Error No index created - reason"=>"Validation Failed: 1: this action would add [2] shards

ehmontesinos · August 29, 2022, 9:33am

Good morning,

I have an ELK environment installed in version 8.1. Within this environment, I have configured several pipelines that collect daily csv files to process them and convert them into indexes in Elasticsearch to later be able to create dashboards with that information.

We have implemented this configuration for some months now and we have daily the information collected from those files that are passed to the logstash.

The problem has come now that after a week, reviewing, we see that the indexes have not been created and therefore we do not have information in the dashboards.
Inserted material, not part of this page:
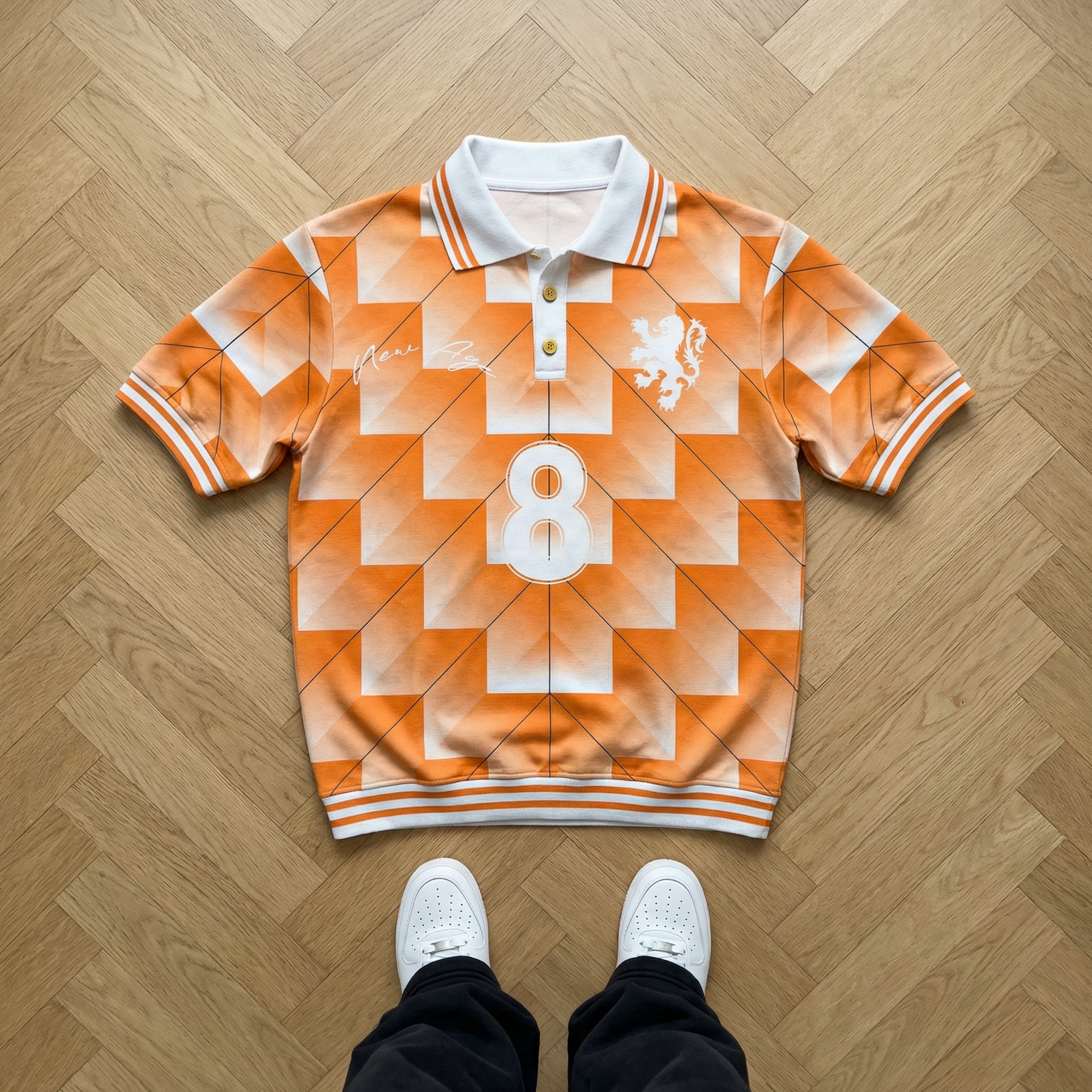 NETHERLANDS WC POLO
Reviewing the logs, we have detected the following problem in the logstash log

Could not index event to Elasticsearch. {:status=>400, :action=>["index", {:_id=>nil, :_index=>"nextcloud-usage-2022.08.29", :routing=>nil}, {"date"=> "2022-08-29 09:07:56", "assigned_quota"=>26843545600, "event"=>{"original"=>"ajimmor_9371,2022-08-29 09:07:56,1970-01-01 00:00:00,26843545600,,,,,"}, "last_login_date"=>1970-01-01T00:00:00Z, "number_uploads"=>nil, "user-id"=>"ajimmor_9371", "host "=>{"name"=>"tfvs0756"}, "number_shares"=>nil, "number_files"=>nil, "used_quota"=>nil, "log"=>{"file"=>{"path" =>"/etc/logstash/conf.d/nextcloud-usage-reports-daily/usage-report_20220829100747.csv"}}, "@version"=>"1", "@timestamp"=>2022-08-29T08 :07:56Z, "number_downloads"=>nil}], :response=>{"index"=>{"_index"=>"nextcloud-usage-2022.08.29", "_id"=>nil, "status" =>400, "error"=>{"type"=>"validation_exception", "reason"=>"Validation Failed: 1: this action would add [2] shards, but this cluster currently has [999]/[1000 ] maximum normal shards open;"}}}}

We do not have any cluster implemented, it is only a single node. What does it mean that I have almost the maximum number of open shards? How can it be configured correctly so that within 3-4 months this problem does not occur again?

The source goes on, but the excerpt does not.